That awakened feeling did not claim divination. … But knowing the past helped understand the news of the future But the help of knowing the past it was giving news about the future. . . .
While living in exile in Paris, Naderpour met Jaleh Bassiri, whom he had known from Iran in the 1970s and in September of 1984 they married. His marriage naturally rejuvenated life in exile; indeed, Jaleh inspired him with a new attitude toward life, both spiritually and socially. For seventeen years Jaleh was truly more than a wife to Naderpour: She was Best Friend, full-time Editor, Partner, and Companion to Naderpour during his toughest years in exile. In appreciation, Naderpour dedicated many of his poems to Jaleh, including his last poem, “Conversation in the Dark” (composed in December 1999), and his entire last collection (which he inscribed “To my dearest: Jaleh and Poupak”). After Naderpour’s death, Jaleh established The Naderpour Foundation in Los Angeles to preserve Naderpour’s memory and appreciate his work.
During his exile in Paris, Naderpour was awarded honorable membership in the French Authors’ Association and lectured at several conferences while living in Paris. He lived in Paris until 1986, when he moved to the United States, eventually settling in Los Angeles. He was invited to participate in the Iranian Cultural Foundation in Boston. A popular speaker, he lectured at Harvard University, Georgetown University, University of California, Berkeley, University of California, Los Angeles (UCLA), University of California, Irvine (UCI), and many other American universities.

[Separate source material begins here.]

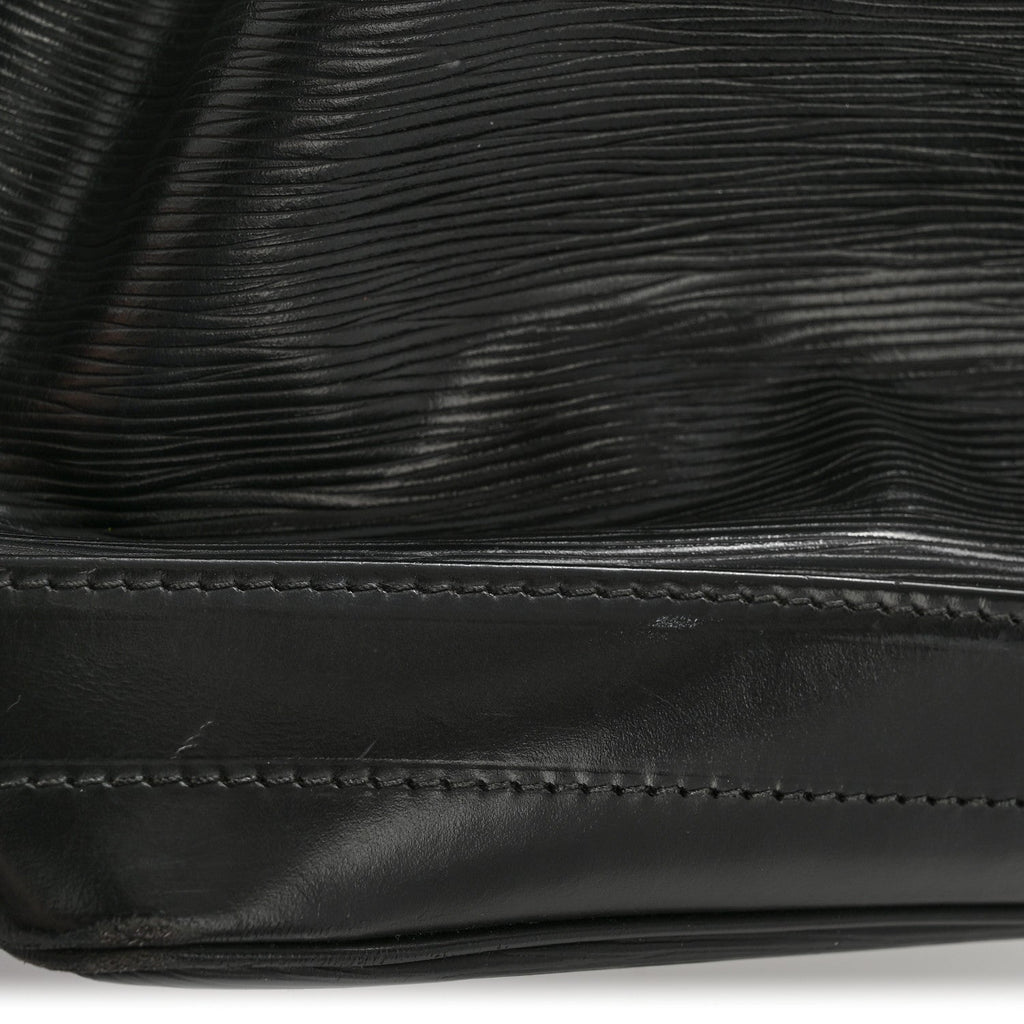 Louis Vuitton Epi Noe Black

For more than 14 years Naderpour’s classes at UCLA and UCI were the meeting place for many Iranian professionals interested in Iranian literature, history, culture, mysticism, politics, etc. Naderpour was a living encyclopædia of Iran’s recent history. His wealth of life experience in Iran’s recent history, his detailed objective analysis, his unique style of expression, and his keen vision contributed to his extremely interesting and comprehensive lectures.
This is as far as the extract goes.